DATASET EXTRACT.
----------

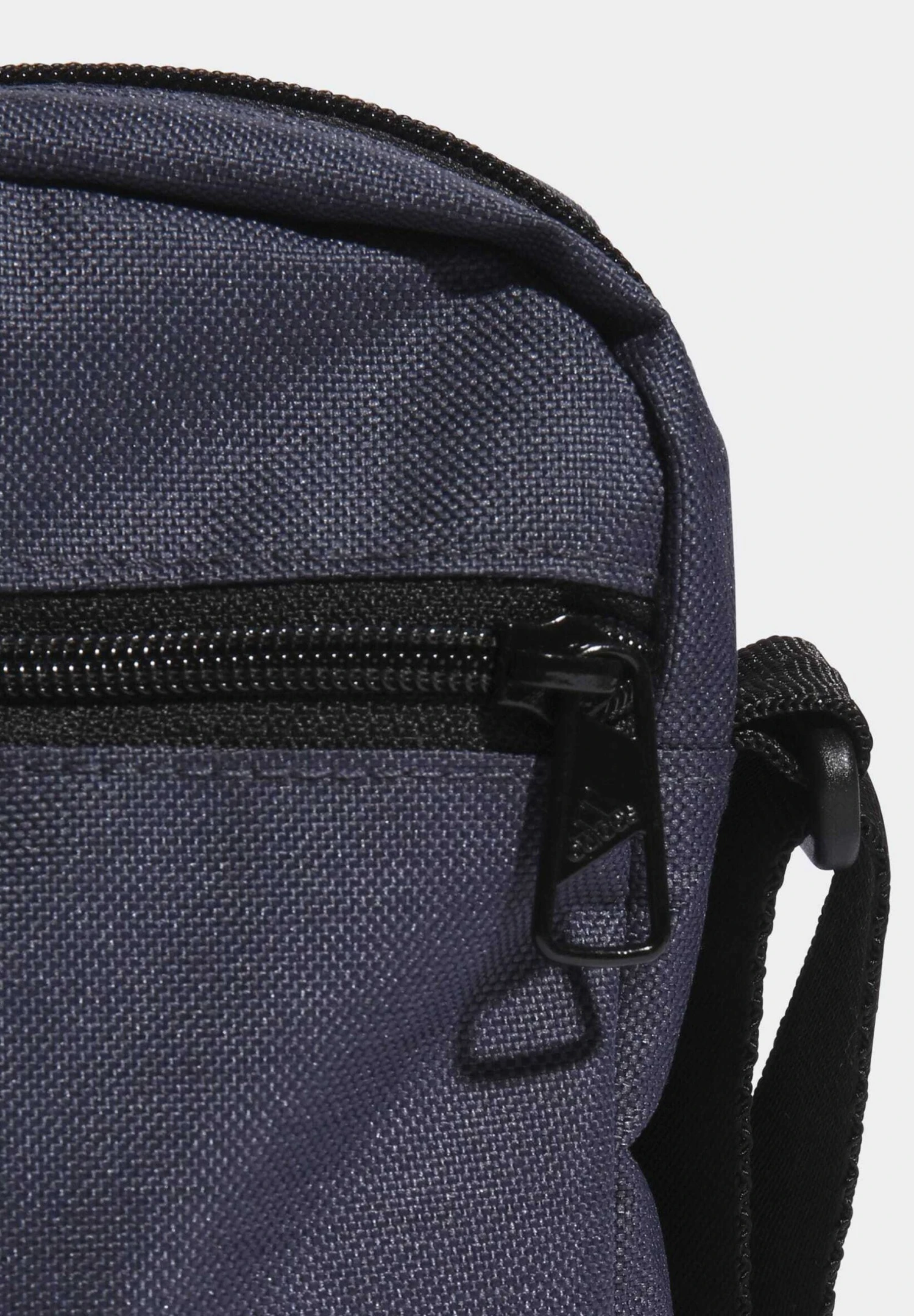 ADIDAS PERFORMANCE Essentials Organizer - Across Body Bag - Shadow Navy Black White 4 ADIDAS PERFORMANCE Essentials Organizer - Across Body Bag - Shadow Navy Black White - Image 4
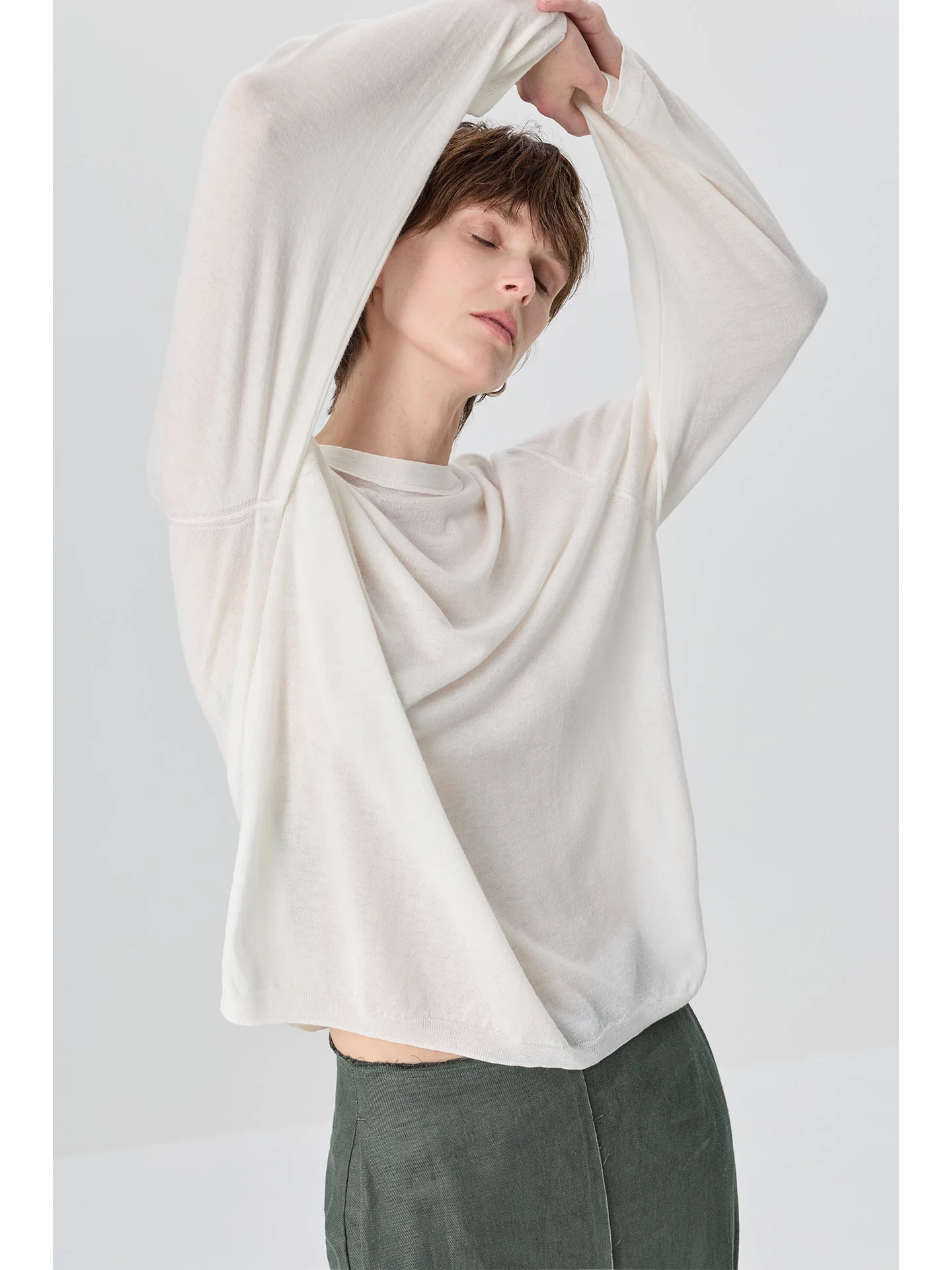 

New Summer 2026 Women's Loose Fit Knitted Woolen T-Shirt Lightweight Soft Comfortable Casual Long Sleeve round Neck Top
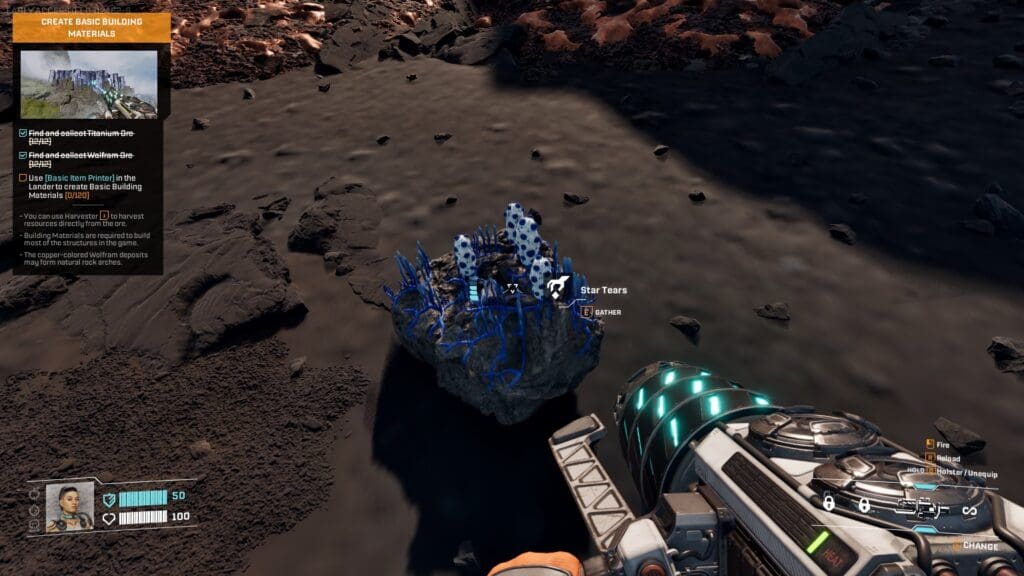 Blick aus der Ego-Perspektive auf eine felsige Mondlandschaft mit einem leuchtenden, kristallartigen Gebilde in der Mitte und einem futuristischen Werkzeug im Vordergrund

----------

TASK ITEM. Your copy should begin at the line containing "New Summer 2026" and end at the last line of the data above, matching each line exactly and holding no pictures.

EXERCISE RESULT.
New Summer 2026 Women's Loose Fit Knitted Woolen T-Shirt Lightweight Soft Comfortable Casual Long Sleeve round Neck Top
 Blick aus der Ego-Perspektive auf eine felsige Mondlandschaft mit einem leuchtenden, kristallartigen Gebilde in der Mitte und einem futuristischen Werkzeug im Vordergrund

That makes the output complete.